Image-caption web data:
┄┄┄┄┄┄┄┄┄┄┄┄┄┄┄┄┄┄┄┄
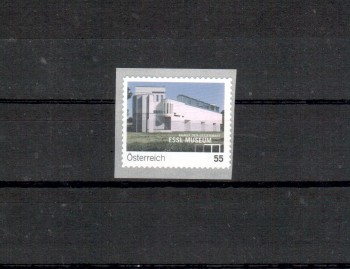 Oesterreich Michelnummer 2674 postfrisch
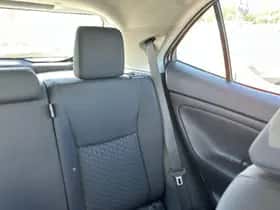 Toyota Yaris Cross (2025) thumbnail 13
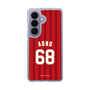 スリムプロテクションケース［ 楽天イーグルス - #68 Aono - ビジター ］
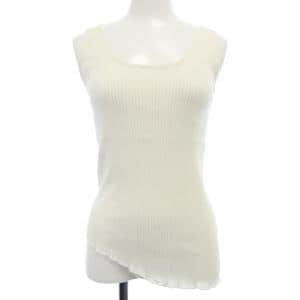 ザニューハウス THE NEWHOUSE タンクトップ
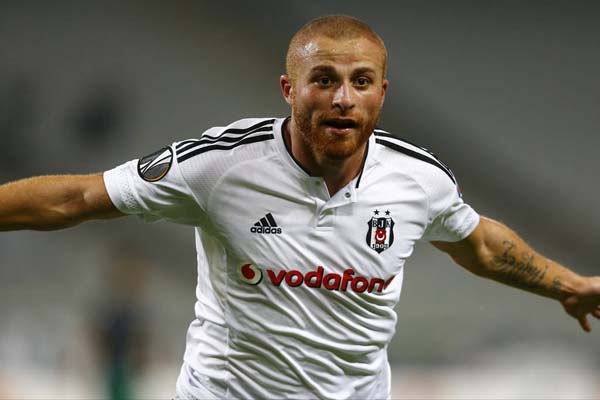 Gökhan Töre Beşiktaş'a dönmek istiyor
┄┄┄┄┄┄┄┄┄┄┄┄┄┄┄┄┄┄┄┄
:: WORK ITEM ::
Return the entries verbatim, pictures excluded.

:: TASK RESULT ::
 Oesterreich Michelnummer 2674 postfrisch
 Toyota Yaris Cross (2025) thumbnail 13
 スリムプロテクションケース［ 楽天イーグルス - #68 Aono - ビジター ］
 ザニューハウス THE NEWHOUSE タンクトップ
 Gökhan Töre Beşiktaş'a dönmek istiyor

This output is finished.